Są rodzice, którzy zrobią wszystko, by być na wywiadówce u swojego dziecka i tacy, którzy wręcz przeciwnie, tylko szukają wymówek, by ich uniknąć. - Nie chodzę na wywiadówki swoich dzieci. Kiedyś chodziłam, ale doszłam do wniosku, że to strata czasu. Połowa rodziców urządza wtedy sobie jakieś pogaduszki, a ja mam zmarnowane dwie godziny jak nic - mówi nam Gosia z Łodzi, mama dziesięcioletniego Jarka i ośmioletniej Rozalki.

Wrzesień to czas powrotu uczniów do szkoły i czas pierwszych wywiadówek. Podczas zebrań wychowawczyni omawia z rodzicami plany na nadchodzący rok, wybierana jest trójka klasowa i ustalane są ważne kwestie dotyczące dzieci. Wielu rodziców stara się więc na nich być. Są jednak tacy, którzy wychodzą z założenia, że wszystkiego mogą dowiedzieć się później.

Zobacz wideo 300 zł to za mało? Rodzice mówią, ile kosztuje wyprawka szkolna [SONDA]

Wywiadówki dla wielu rodziców są koszmarem

Gosia w ostatnim roku nie była na żadnej wywiadówce. I doszła do wniosku, że nie będzie na nie chodzić. Jej zdaniem w ten sposób oszczędza czas i nie musi słuchać "opowieści rodziców, którym wydaje się, że każdy chce słuchać niekończących się historii o ich dzieciach".
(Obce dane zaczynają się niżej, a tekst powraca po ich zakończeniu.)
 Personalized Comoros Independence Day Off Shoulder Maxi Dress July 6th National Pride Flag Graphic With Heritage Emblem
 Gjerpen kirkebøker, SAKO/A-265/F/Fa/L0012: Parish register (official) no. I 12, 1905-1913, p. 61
Kiedyś zwalniałam się z pracy, żeby tylko zdążyć do Jarka na wywiadówkę. Wychodziłam z założenia, że tak trzeba, tak wypada. Nie wiem, może to akurat w naszej klasie tak jest, ale doszłam do wniosku, że na tych zebraniach w większości jest gadka o mało istotnych rzeczach. Tak naprawdę te ważne dałoby się omówić w maks 15 minut

- opowiada nasza czytelniczka. - Ale oczywiście, zawsze znajdą się rodzice, którzy przy okazji chcą pochwalić swoje dziecko, coś o nim opowiedzieć. Nie wiem po co. Myślą, że będę im zazdrościć, że np. Hania nauczyła się w wakacje robić szpagat, a Michałkowi wyszły negatywnie testy na alergię. Litości, to nie jest miejsce na tego typu rozmowy. Wiem, że wychowawczyni nie wypada tego powiedzieć, więc siedzimy dwie godziny na małych, twardych krzesełkach i czekamy.
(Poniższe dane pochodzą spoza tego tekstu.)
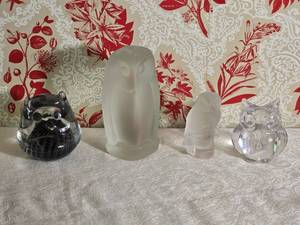 SIGNED Studio Art Glass Owl Statuette Series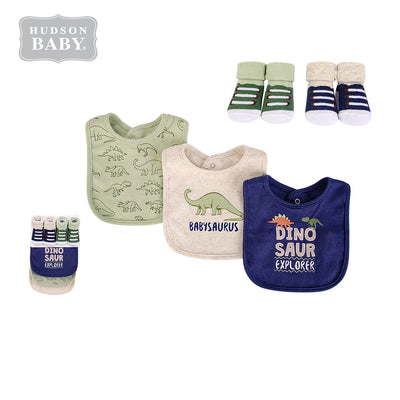 Baby Boy Bibs n Socks 5 Pcs Set Dinosaur 0 to 9 Months 17594 - Little Kooma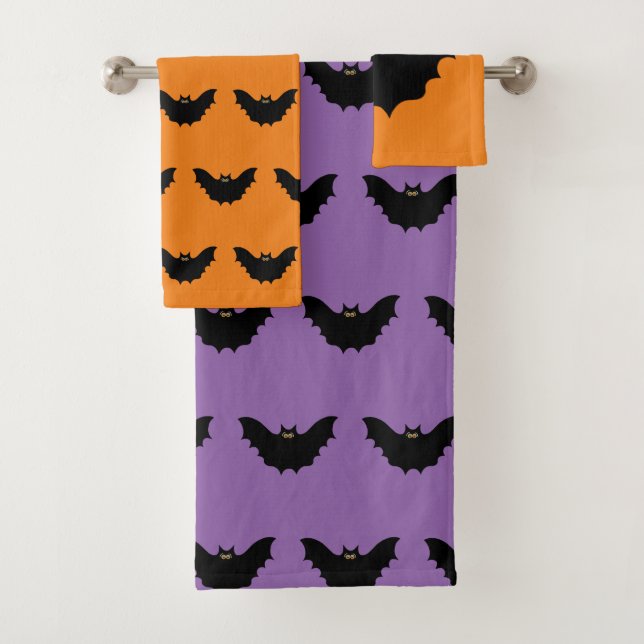 Conjunto De Toalhas Morcego Preto de Halloween (Insitu)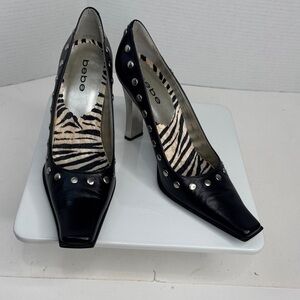 Bebe Black Leather and Silver Studded Heels-Ladies Size 8.5-Vintage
Różne typy rodziców na szkolnych zebraniach.
Różne typy rodziców na szkolnych zebraniach. Shutterstock/VPales

Mama dowiaduje się na grupie rodzicielskiej, co było na zebraniu

Nasza czytelniczka Gosia przyznaje, że po zebraniu zawsze pisze na grupie rodzicielskiej, że "nie mogła być na zebraniu ze względów osobistych" i czy ktoś mógłby jej przekazać, co było na wywiadówce.

Rodzice chętnie przekazują informacje, zazwyczaj jest to kilka punktów, które dotyczą np. opłat, wycieczek, zajęć itp. W sumie często kilka minut po zebraniu wszystko wiem. Moja szwagierka strasznie mnie krytykuje, że tak robię, mówi, że to cwaniactwo i przecież jak coś trzeba ustalić, to mnie nie ma i co by było, gdyby wszyscy tak robili

- wyjaśnia mama Jarka i Rozalki. - Ja wychodzę z założenia, że jak jest coś ważnego, to mogę się wypowiedzieć na grupie i tyle. Szczerze, to uważam, że zebrania mogłyby odbywać się przez internet, z góry ustalone - w pół godziny trzeba ustalić to i to. I wszystko. No ale wtedy niektórzy rodzice nie mieliby okazji pochwalenia się swoimi dziećmi na forum. Żeby nie było - szanuję to, mają taką potrzebę ok, ale ja nie muszę tego słuchać - dodaje.